There are three main Eulerian approaches for modelling the sediment transport and the seabed response around maritime structures. In this paper, they are referred to as: (i) simple approach, (ii) Biot approach, and (ii) full multiphase approach. These three approaches are based on Reynolds-Averaged Navier–Stokes equations for the wave–structure module and they differ mostly in how they tackle the seabed module.

1.

The simple approach considers: (a) the bed load transport with empirical formulas; (b) the suspended concentration with the advection–diffusion equation and suspended load transport; and, (c) the seabed level with the Exner formula. The wave module is mainly based on RANS or VARANS equations, depending on whether the structure is permeable or impermeable. The studies that use the simple modelling approach mainly focus on small and low weight-structures to simulate the movement and deformation of the seabed (two-coupled approach). For large structures, such as breakwaters, these studies tend to underestimate the scouring results.

2.

The Biot approach involves the RANS or VARANS equations for the wave module and the Biot’s equations for the seabed module. Biot’s equations are used to obtain the seabed displacement and stresses. The wave model is responsible for the wave generation and propagation, and it determines the pressure, $p_f$, and stresses, ${\tau }_{f,b}$, acting on th seabed and marine structures. The outputs of the wave module are used as boundary conditions for the seabed module. The studies that used Biot’s equations for the seabed module focus more on the stress field and pressures, which is, the mechanical behaviour of the seabed.

3.

The full multiphase approach is the more complex approach and is difficult to implement numerically. It solves each phase (sediment, water, and air) with the Navier–Stokes equations (mass and momentum) at the same time and space. Most of the studies are based on small-scale problems given the very high computational costs that are associated with its use.

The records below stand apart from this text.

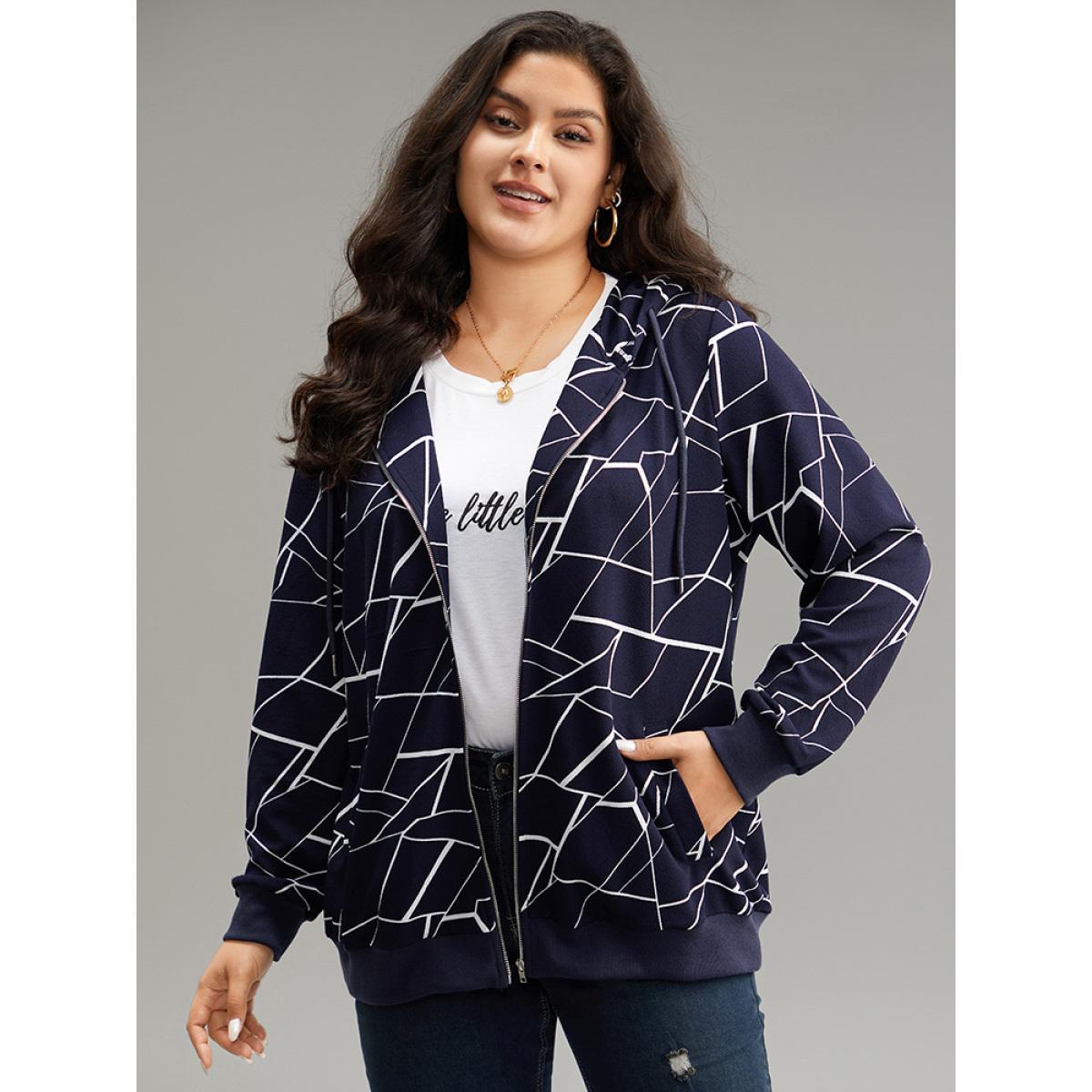 Plus Size Geometric Zipper Hooded Drawstring Sweatshirt Women Midnight Casual Printed Hooded Dailywear Sweatshirts BloomChic 18-20/2X Product Image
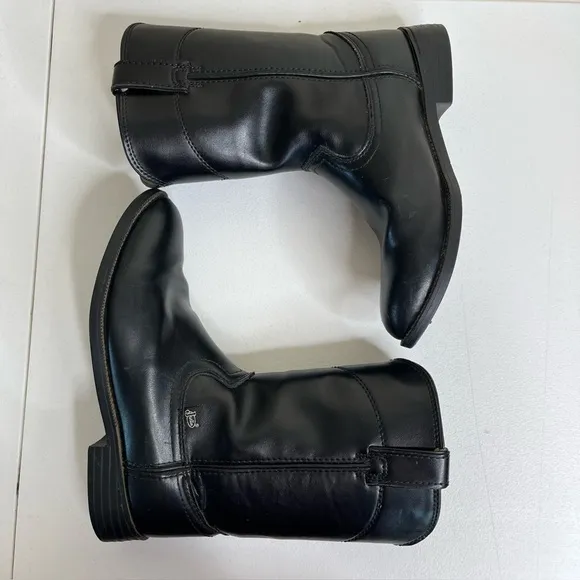 Justin Basic Roper Black Leather Western Boots Medium Toe JB3000 Men 10.5 EE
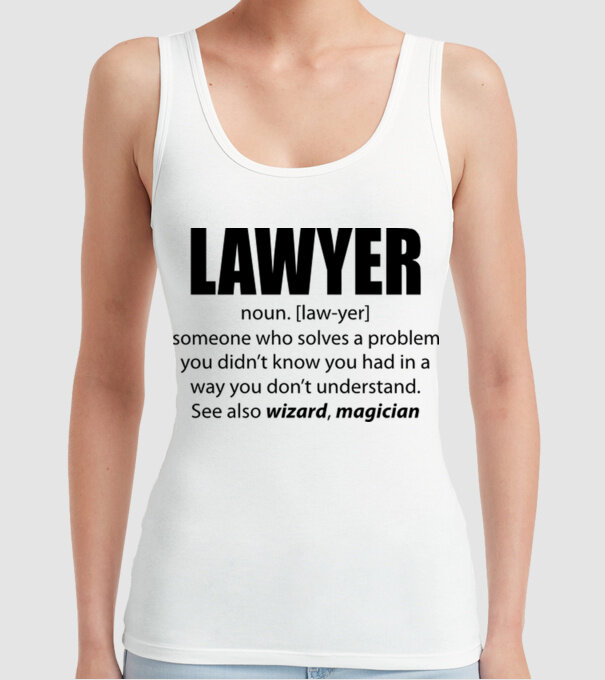 Lawyer - definiție avocat model alb pe tricou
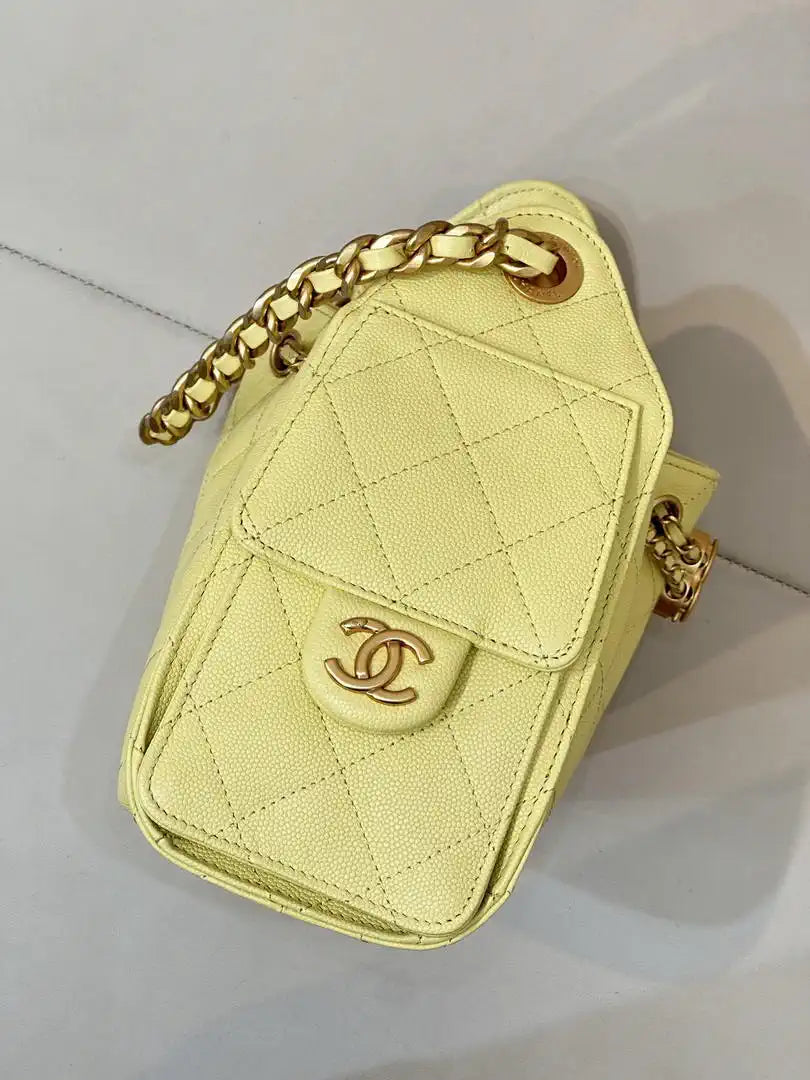 Chanel AS5631 Mini Hobo Calfskin & Gold-Tone Metal Yellow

This paper describes the general concept and methodology of each numerical approach for modelling wave–structure–seabed interactions. However, there are certain aspects when developing a numerical model that need to be studied in more detail and that were not the focus of this review: (i) the turbulence model that best characterizes the near-bed turbulent flow–structure and the turbulent flow interactions with the structure; (ii) the particle stresses, which is, the rheological models that provides a functional relation between the stresses and strains of the seabed under wave action; and (iii) the optimal boundary and initial conditions for each numerical approach.